Well, ok, no one wants to look stingy. I get that. But on the other hand, events take money to put on, and if making a donation is the cost for me to continue to enjoy stuff, I’m all for it. I’d certainly never shame anyone for not making a contribution if they can’t afford it, but if people say, “I’m not contributing because I shouldn’t have to and stuff should be free,” I’ll have plenty to snipe about then.

Image by Dave Dugdale, Licensed Through Creative Commons ShareAlike 2.0 Generic (CC BY-SA 2.0)
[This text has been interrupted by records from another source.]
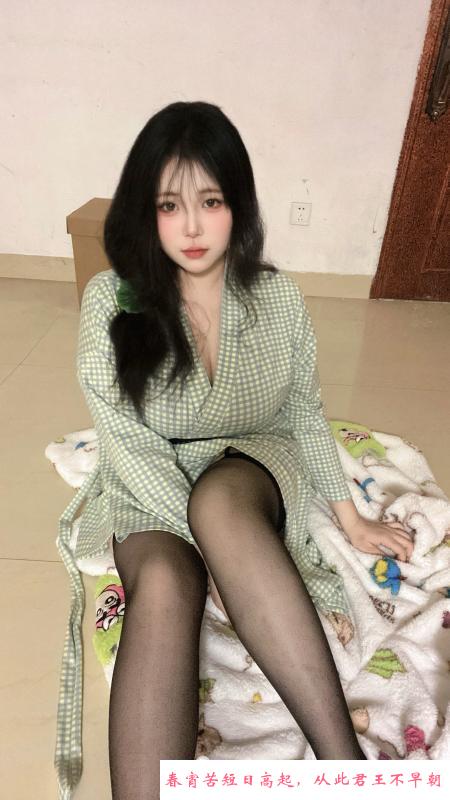 包河肉感奈奈酱 第3张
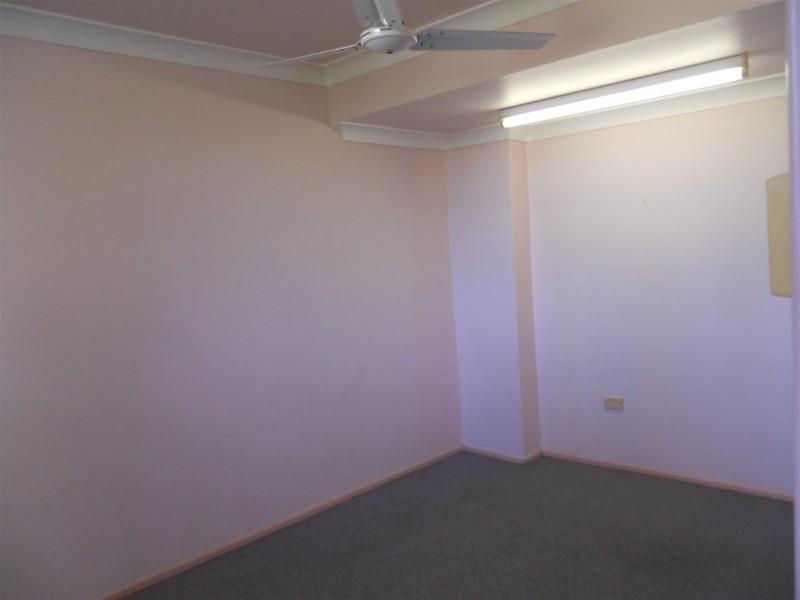 10 Arlott Street, Gracemere QLD 4702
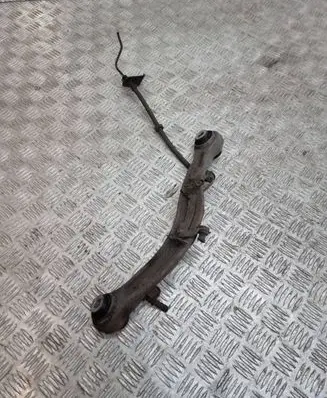 Land Rover Range Rover Sport L494 Rear control arm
The phrase “love offering” does appear to be a regional one – I live in the Midwest, and I hear it a lot – but it’s the same as a donation jar. This is something that’s not uncommon in the metaphysical community. It’s designed to encourage those who have some extra money to share it if they can, while not making those who don’t have extra feel bad about it. It’s a donation given out of love and ability and an understanding of community spirit, rather than from obligation. So yes, it’s still a free event, and they’re perfectly within their rights to ask for a donation from those who care to make one. No one is required to do so – if they were, it would be called an admission fee.
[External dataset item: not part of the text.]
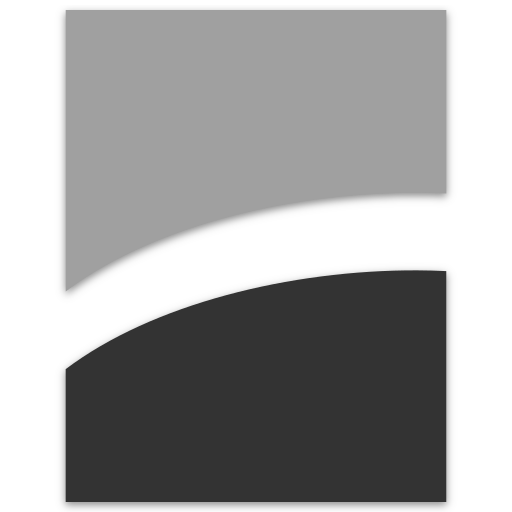 Geenen IT-Systeme GmbH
That having been said, I think it’s very important to recognize that even “free” events cost someone money – and it’s usually the folks who took the time to host and organize them. If there’s food, tables, chairs, entertainment, ritual supplies or even a venue rental, those charges have come out of someone’s pocket, and it’s not unreasonable for them to make you aware that a donation is appreciated.

Furthermore, even if there was an entry fee charged, that’s generally acceptable too. Again – events don’t just magically happen on their own. Even if the organizers are not making any profit (and I can pretty much guarantee that they’re usually not), it’s still perfectly acceptable for them to charge a fee that helps offset the costs of the event itself. Some of this may include asking vendors for a table fee, or passing the expenses along to the consumer — in this case, guests like yourself. If it’s billed as an entry fee, and it’s outside your range of affordability, then you’re under no obligation to attend the event. Some events offer work equity in exchange for admission – you volunteer to help out for a couple of hours, and you’re in for the rest of the day at no charge. That’s a pretty good trade-off, really.

I know that in some areas, this topic has become a matter of hot debate between groups – one coven will host an event and ask for donations, and then another coven will accuse the first of being greedy and trying to “bilk the newbies.” I can assure you that this is not anyone’s intention when they ask for a love offering, donation, or other type of contribution.

Do you have to donate? Certainly not, and if you can’t afford to do it, no one is going to hold that against you. But chipping a few bucks into a jar, if it’s within your means, is a wonderful way to say thanks to the people who made the effort of putting the event together for you to attend. It’s also a good way to assure they’ll be able to put together another event in the future.

Want to have nice things? Me too. Let’s be willing to pay for the privilege when we can afford to do it.